A: Judges will be younger over time and eventually understand it. In Federal system, there is a big need for training. Appellate judges know nothing about eDiscovery. USSC has ruled on 3 EDD issues – pagers, cell phones, and GPS – with respect to privacy. [RF: not sure I’d call these Scoutus decisions eDiscovery ones.]

State courts raise a difficult issue. There are 1000s of judges in multiple systems across the states. For example, are family law judges receiving eDiscovery training?

Q: How confident are you about lawyers’ tech competence?

A: In US Federal District Court in Manhattan, the lawyers get it. I can’t speak to other specific cases. In 90% of my cases, lawyers have never heard of ESI and don’t need to know about it. But in the 10% of cases where it matters, the lawyers are up to speed.

Q: What’s your view of using special masters for discovery?

A: If the economics support it, then I’m for it. When the stakes warrant it, it’s worth it – the parties should ask for one.

Q: You were at forefront of 2006 FRCP Discovery Rules changes… there were 1000s of comments. What do you expect to see coming in rules changes?

A: First big change is Rule 26, describing the scope of discovery. Scope now relates only to claims and defenses. This narrows scope. Now, for the first time, scope relates to proportionality. This is huge. Rules say “relevant and proportional” and offer six factors for court to consider. Litigant can object on discovery request not being proportionate. I’m not sure how this will play out in motions practice but it’s new arrow in quiver. The rules do not say who has burden of proof re proportionality. There is also an explicit cost-shifting provision.
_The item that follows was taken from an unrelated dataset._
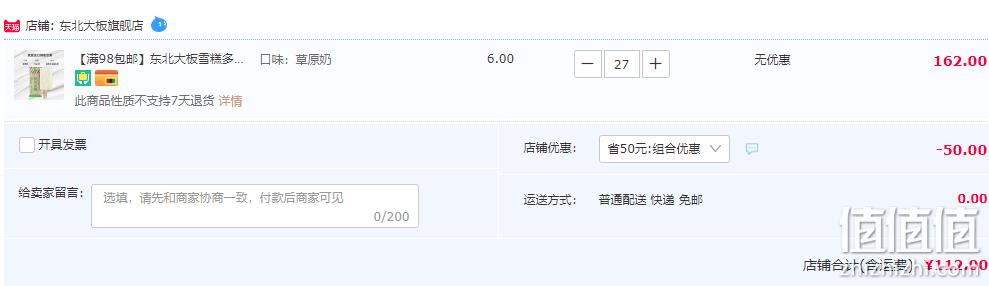 东北大板 经典鲜奶冰淇淋雪糕27支 112元包邮（双重优惠） 值值值-买手聚集的地方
There are also rules re sanctions. These will have an impact. “Intent to deprive” replaces “mere negligence” in sanction / default for failing to produce documents. But litigant can put facts about lost documents in front of jury. Thinks this is a back door to adverse inferences. What the rule does not do is set forth more guidance on preservation of documents.

Q: From your side of bench, what do you see in change in legal practice? What about players that are not traditional law firms?

A: I know that tech and vendors and consultants are becoming part of law firms and law departments. They may even be blurring the lines of the practice of law. Ethical rules say lawyers must supervise – so they are still ultimately responsible.

Another reason for there being fewer trials is that so much is recorded now. With so much email and text, we have more complete records. “The proof is incontestable.”

Q: You have been hard on corporations for failing to issue legal holds. Are you comfortable saying to lawyers and firms that you have to do a better job “taming the chaos” of data?

A: Sanctions only kick-in on reasonable anticipation of litigation AND reasonable steps to preserve. Courts will have to assess what “reasonable steps” mean. Law does not say holds are mandatory but failure to issue litigation holds may strongly favor a finding that reasonable steps were not taken.

Impact of tech on the courtroom… e-filing allows judges quick and access to decisions and docket contents. Presentations to courts have changed dramatically. There is no jury trail without PowerPoint, screens. Video conferences are big.

Q: What can courts do to reduce costs?

A: Decide motions quickly. It’s terrible for judges to sit on motions. An efficient judge decides motions promptly. Also, we don’t need motions for everything. Write letters to me – I don’t need briefs on everything.